Polak potrafi! Audi wjechało na plażę, ale wyjechać już nie dało rady
Tłum gapiów przyglądał się całej akcji z zapartym tchem. W końcu to dość niecodzienny widok, a do tego… nielegalny! " Nie ma znaku, to wolno" – słyszałam nie raz od podobnych śmiałków, którzy pragnęli się popisać swoimi terenowymi autami. Kierowca audi widać miał podobne przekonanie, a że jeszcze ciągnął motorówkę na lawecie… Cóż, wydaje się, że zaparkował przy samym brzegu, żeby w jego przekonaniu, ułatwić sobie zadanie.
"Zapomniał, że audi to nie ursus, a plaża to nie pole. Audi to stan umysłu" – głosi tytuł filmu, który można obejrzeć na Youtubie. "Jak można być takim idiotą?!" "Brawa za inteligencję" – komentują internauci. Ostatecznie kierowca musiał skorzystać z pomocy ciągnika, a publiczność w Międzyzdrojach niemal oklaskiwała całe zajście.
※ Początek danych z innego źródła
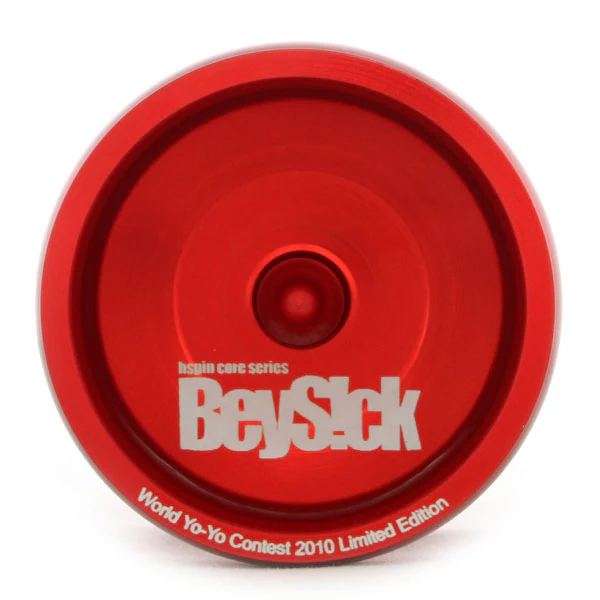 BeySick 2010 Worlds - Image 3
Okazuje się, że to nie jest jednostkowy przypadek, a podobnych jemu, kreatywnych, zdarza się na polskich plażach całkiem sporo. Jeden z internautów na portalu pclab.pl opisuje: "Jakieś 2-3 lata temu byłem w Międzywodziu. Codziennie jakiś nowobogacki debil robił rundkę po plaży. Ok. 11 jechał w prawo, a ok. 12 wracał, jadąc po mokrym piasku tuż koło wody. Strasznie dumny był z tego, prężył się jak paw (…)Któregoś dnia "biedna hołota na kocykach" była przygotowana. Kilka osób przyniosło większe łopatki i czekało na pierwszy przejazd. Wykopali małą "fosę" siedli na kocykach, przygotowali aparaty foto i czekali. Po godzinie panisko wracając zaryło w piasku (…) połowa plaży kulała się ze śmiechu, zdjęcia, oklaski itp." – opisał ze szczegółami.
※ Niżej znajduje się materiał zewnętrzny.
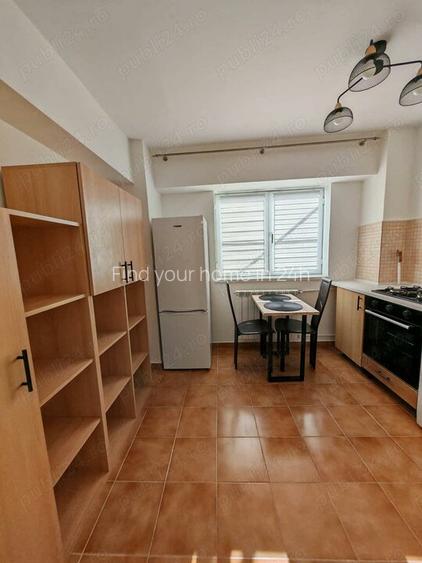 Garsoniera spatioasa, luminoasa si frumoasa Timpuri Noi - 7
Tacy mistrzowie kierownicy za nic mają zakazy lub w ogóle nie mają pojęcia o ich istnieniu. Przypomnijmy zatem, pojazd poruszający się po plaży musi mieć na to zezwolenie z lokalnego urzędu. Jednak są obszary, takie jak rezerwaty, wydmy, tereny wojskowe, na których zezwolenia na wjazd żaden przysłowiowy "Kowalski" nie dostanie.